NEW YORK (AP) -Virginia Tech athletic director Jim Weaver expressed thanks Wednesday for the overwhelming support the university received after 32 people were killed by a gunman on campus last month.
“My presence here today is on behalf of our president at Virginia Tech, Charles Steger, the faculty and staff and students of our great university,” Weaver said at a news conference held by the National Football Foundation to announce the players and coaches elected to the College Football Hall of Fame.
“We have received an outpouring of condolences and care and concern and sympathy and love, the extent to which I doubt has ever been felt by a university community.”
Weaver said the students, faculty and staff of Virginia Tech are “trying to get back to some semblance of normalcy” since the tragedy on April 16.
“You just never seem to get away from it. Day in and day out, you learn something new, you hear something else, and it just pulls on your heart.”
Plans to memorialize the victims of the shootings at Virginia Tech sporting events, including the opening home football game against East Carolina on Sept. 1, are in the works but nothing has been set, Weaver said.
“We in the athletics department are not out in front of anything in the memorialization process. We’ve tried to be a good university partner,” he said. “The point is we will do what the university suggests. There have been a lot of suggestions to retire the No. 32 in all of our athletic venues, well one of the other sides to that is it doesn’t recognize the 28 to 30 people that were injured.”

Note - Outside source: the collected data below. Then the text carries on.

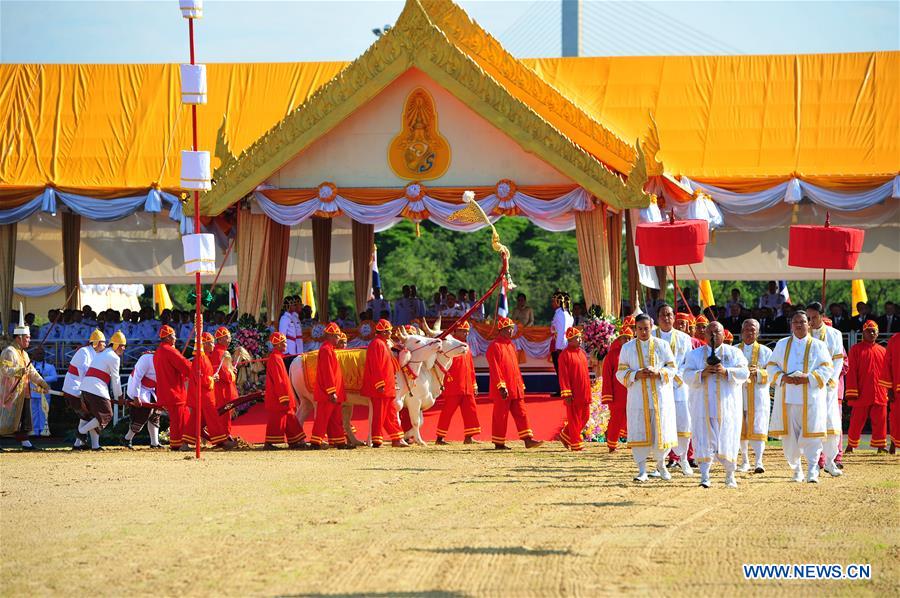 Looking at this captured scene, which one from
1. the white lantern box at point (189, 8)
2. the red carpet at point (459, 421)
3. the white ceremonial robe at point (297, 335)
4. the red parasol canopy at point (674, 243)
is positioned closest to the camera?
the white lantern box at point (189, 8)

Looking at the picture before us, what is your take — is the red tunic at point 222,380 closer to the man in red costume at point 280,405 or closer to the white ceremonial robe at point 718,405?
the man in red costume at point 280,405

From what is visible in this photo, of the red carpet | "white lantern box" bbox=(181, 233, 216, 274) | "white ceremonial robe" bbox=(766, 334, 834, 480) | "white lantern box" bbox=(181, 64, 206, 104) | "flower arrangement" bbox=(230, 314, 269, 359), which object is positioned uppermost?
"white lantern box" bbox=(181, 64, 206, 104)

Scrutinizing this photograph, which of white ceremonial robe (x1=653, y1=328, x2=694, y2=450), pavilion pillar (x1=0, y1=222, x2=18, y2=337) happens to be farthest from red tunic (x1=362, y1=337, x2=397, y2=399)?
pavilion pillar (x1=0, y1=222, x2=18, y2=337)

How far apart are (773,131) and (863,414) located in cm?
851

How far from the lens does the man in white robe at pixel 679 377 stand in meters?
14.8

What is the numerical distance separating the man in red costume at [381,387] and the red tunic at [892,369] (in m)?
6.37

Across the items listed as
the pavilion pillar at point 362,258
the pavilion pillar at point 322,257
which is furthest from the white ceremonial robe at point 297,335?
the pavilion pillar at point 362,258

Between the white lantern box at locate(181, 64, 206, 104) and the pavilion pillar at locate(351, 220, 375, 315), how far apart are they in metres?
10.8

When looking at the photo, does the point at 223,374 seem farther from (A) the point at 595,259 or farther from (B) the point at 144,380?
(A) the point at 595,259

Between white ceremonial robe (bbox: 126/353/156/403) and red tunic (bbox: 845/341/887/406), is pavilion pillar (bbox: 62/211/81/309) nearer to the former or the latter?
white ceremonial robe (bbox: 126/353/156/403)

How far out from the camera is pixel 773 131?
2569 centimetres

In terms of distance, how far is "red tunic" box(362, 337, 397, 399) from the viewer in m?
18.3

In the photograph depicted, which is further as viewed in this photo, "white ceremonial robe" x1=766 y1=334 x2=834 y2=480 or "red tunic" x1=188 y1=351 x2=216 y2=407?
"red tunic" x1=188 y1=351 x2=216 y2=407

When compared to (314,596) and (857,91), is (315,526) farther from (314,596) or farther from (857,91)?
(857,91) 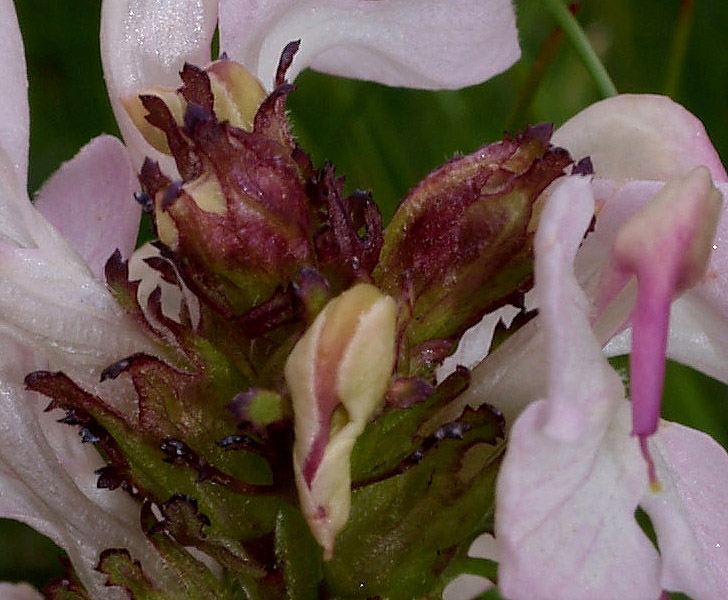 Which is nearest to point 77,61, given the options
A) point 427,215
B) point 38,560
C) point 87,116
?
point 87,116

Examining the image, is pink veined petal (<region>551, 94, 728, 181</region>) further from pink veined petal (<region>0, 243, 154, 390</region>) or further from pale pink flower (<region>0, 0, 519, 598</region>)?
pink veined petal (<region>0, 243, 154, 390</region>)

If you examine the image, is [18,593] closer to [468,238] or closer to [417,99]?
[468,238]

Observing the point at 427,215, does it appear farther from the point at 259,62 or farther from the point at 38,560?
the point at 38,560

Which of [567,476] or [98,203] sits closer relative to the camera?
[567,476]

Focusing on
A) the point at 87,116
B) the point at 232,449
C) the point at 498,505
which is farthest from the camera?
the point at 87,116

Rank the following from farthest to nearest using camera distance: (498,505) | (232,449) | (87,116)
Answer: (87,116) < (232,449) < (498,505)

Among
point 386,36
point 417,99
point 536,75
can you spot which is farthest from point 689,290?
point 417,99

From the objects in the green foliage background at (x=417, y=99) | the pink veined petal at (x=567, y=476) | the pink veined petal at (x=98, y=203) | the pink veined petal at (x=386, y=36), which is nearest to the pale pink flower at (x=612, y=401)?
the pink veined petal at (x=567, y=476) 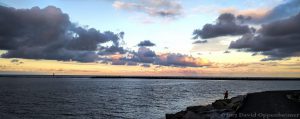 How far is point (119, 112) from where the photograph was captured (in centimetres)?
4181

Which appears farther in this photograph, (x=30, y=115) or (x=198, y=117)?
(x=30, y=115)

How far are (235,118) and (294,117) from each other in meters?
3.85

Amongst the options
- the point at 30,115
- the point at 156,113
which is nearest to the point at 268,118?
the point at 156,113

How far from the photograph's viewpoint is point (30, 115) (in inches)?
1497

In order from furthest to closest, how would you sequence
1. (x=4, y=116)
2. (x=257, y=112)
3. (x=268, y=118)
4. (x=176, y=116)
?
1. (x=4, y=116)
2. (x=176, y=116)
3. (x=257, y=112)
4. (x=268, y=118)

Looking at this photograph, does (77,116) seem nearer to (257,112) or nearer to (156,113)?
(156,113)

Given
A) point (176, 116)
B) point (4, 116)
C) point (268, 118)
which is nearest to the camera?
point (268, 118)

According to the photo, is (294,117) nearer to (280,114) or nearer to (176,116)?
(280,114)

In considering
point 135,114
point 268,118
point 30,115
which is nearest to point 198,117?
point 268,118

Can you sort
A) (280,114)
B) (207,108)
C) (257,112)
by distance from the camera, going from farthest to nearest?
1. (207,108)
2. (257,112)
3. (280,114)

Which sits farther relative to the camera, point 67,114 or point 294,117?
point 67,114

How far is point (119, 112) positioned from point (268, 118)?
81.8 feet

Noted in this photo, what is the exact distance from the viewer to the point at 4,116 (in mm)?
37000

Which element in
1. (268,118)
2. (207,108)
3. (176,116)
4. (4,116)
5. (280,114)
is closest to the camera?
(268,118) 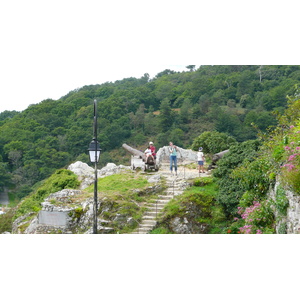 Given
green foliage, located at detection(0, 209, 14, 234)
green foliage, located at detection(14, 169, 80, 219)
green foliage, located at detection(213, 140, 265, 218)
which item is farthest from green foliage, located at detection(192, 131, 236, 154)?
green foliage, located at detection(0, 209, 14, 234)

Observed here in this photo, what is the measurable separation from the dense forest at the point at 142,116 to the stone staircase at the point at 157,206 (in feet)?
7.29

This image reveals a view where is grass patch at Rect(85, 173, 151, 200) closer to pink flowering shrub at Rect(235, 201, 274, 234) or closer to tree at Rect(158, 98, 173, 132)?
pink flowering shrub at Rect(235, 201, 274, 234)

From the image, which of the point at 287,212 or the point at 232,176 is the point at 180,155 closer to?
the point at 232,176

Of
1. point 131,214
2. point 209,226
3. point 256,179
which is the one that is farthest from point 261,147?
point 131,214

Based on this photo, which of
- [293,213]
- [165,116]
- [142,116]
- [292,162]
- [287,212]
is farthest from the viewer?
[165,116]

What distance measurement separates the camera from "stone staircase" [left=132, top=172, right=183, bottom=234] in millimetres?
10477

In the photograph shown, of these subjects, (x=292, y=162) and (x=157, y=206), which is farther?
(x=157, y=206)

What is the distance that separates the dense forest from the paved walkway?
2.05 m

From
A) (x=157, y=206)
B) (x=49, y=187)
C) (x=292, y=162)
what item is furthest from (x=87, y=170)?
(x=292, y=162)

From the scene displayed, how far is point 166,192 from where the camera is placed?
1188cm

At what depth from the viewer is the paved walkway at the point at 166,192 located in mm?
10553

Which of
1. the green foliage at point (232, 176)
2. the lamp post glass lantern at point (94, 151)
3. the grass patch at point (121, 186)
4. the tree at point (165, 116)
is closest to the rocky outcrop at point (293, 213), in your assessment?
the green foliage at point (232, 176)

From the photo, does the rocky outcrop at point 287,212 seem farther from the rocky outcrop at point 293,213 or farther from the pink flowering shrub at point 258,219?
the pink flowering shrub at point 258,219

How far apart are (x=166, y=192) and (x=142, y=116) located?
608cm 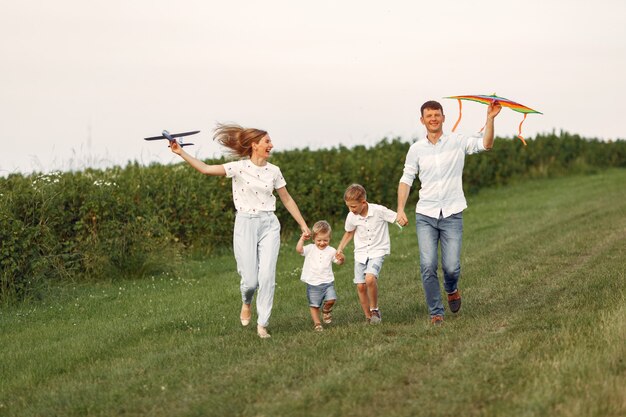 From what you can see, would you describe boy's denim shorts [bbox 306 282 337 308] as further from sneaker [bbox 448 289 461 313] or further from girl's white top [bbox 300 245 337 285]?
sneaker [bbox 448 289 461 313]

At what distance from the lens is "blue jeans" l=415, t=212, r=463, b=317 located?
35.4ft

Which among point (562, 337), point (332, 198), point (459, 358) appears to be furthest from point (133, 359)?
point (332, 198)

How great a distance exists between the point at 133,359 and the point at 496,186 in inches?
1008

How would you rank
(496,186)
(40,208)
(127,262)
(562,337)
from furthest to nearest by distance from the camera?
1. (496,186)
2. (127,262)
3. (40,208)
4. (562,337)

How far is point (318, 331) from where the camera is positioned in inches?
414

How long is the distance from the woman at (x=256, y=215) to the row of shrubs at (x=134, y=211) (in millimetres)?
5276

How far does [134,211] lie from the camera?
17203 millimetres

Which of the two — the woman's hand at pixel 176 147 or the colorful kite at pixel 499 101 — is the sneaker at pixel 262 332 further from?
the colorful kite at pixel 499 101

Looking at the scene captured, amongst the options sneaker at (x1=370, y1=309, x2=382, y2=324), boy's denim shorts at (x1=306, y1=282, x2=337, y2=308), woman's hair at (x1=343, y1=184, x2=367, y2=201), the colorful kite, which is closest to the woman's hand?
woman's hair at (x1=343, y1=184, x2=367, y2=201)

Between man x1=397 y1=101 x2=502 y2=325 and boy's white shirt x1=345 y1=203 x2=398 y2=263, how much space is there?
298mm

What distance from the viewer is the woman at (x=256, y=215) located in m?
10.5

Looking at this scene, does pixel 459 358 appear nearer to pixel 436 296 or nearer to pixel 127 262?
pixel 436 296

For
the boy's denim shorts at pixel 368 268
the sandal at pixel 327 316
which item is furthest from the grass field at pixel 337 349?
the boy's denim shorts at pixel 368 268

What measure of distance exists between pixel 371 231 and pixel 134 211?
7293 mm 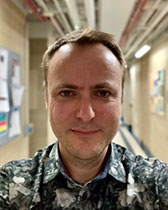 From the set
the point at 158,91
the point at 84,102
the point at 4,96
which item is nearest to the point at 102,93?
the point at 84,102

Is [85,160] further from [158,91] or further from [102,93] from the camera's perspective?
[158,91]

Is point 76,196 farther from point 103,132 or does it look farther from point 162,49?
point 162,49

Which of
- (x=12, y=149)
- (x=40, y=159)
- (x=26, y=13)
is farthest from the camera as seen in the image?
(x=26, y=13)

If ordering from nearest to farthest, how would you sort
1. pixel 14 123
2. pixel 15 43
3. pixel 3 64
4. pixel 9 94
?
pixel 3 64 → pixel 9 94 → pixel 14 123 → pixel 15 43

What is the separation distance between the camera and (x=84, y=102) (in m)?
0.98

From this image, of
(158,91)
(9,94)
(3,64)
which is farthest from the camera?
(158,91)

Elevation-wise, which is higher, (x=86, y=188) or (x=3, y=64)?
(x=3, y=64)

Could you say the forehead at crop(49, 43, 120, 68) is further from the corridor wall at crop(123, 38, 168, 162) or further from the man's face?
the corridor wall at crop(123, 38, 168, 162)

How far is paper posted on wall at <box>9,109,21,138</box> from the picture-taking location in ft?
8.90

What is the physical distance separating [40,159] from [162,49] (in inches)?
168

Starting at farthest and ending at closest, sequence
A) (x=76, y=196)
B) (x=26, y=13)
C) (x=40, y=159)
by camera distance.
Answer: (x=26, y=13)
(x=40, y=159)
(x=76, y=196)

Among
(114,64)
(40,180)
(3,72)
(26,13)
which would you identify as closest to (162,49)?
(26,13)

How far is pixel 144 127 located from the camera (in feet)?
22.7

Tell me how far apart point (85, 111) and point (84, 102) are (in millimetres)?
43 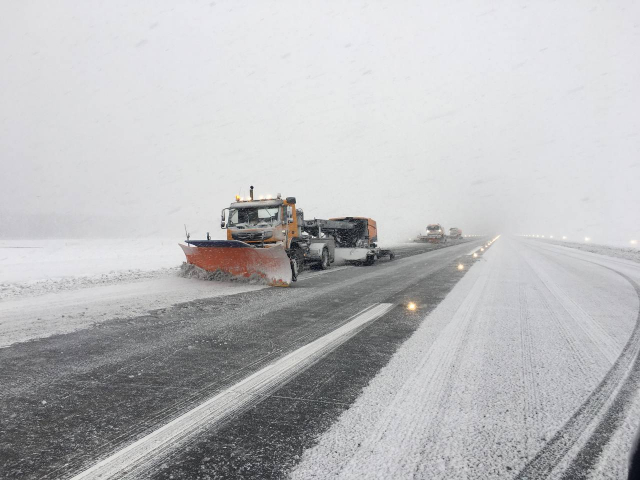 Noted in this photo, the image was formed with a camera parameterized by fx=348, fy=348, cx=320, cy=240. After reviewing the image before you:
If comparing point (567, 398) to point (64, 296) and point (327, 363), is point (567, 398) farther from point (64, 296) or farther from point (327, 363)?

Weaver said a memorialization committee will decide what should be done.
“When that happens we will react accordingly,” he said.
After the shootings, the university canceled a softball game, a baseball game and the spring football game, but the rest of the spring sports schedule was played.
Several colleges used their spring football games to show support for Virginia Tech. Virginia, Ohio State and Kentucky wore Virginia Tech stickers on their helmets. At Penn State, thousands of orange and maroon T-shirts were handed out to fans attending the spring game and the cheerleaders also wore the Hokies’ colors.
“The outpouring from the football community has been unbelievable,” said Weaver, a Penn State alum.
At Virginia Tech’s commencement Saturday, the victims of the shooting will be awarded degrees posthumously.
“It’s been a tough 23 days,” Weaver said. “There’s a sense of community at Tech and it was shown to the world. Virginia Tech will always represent togetherness strength, and resiliency, and it is with that sense of unity that our university is moving forward.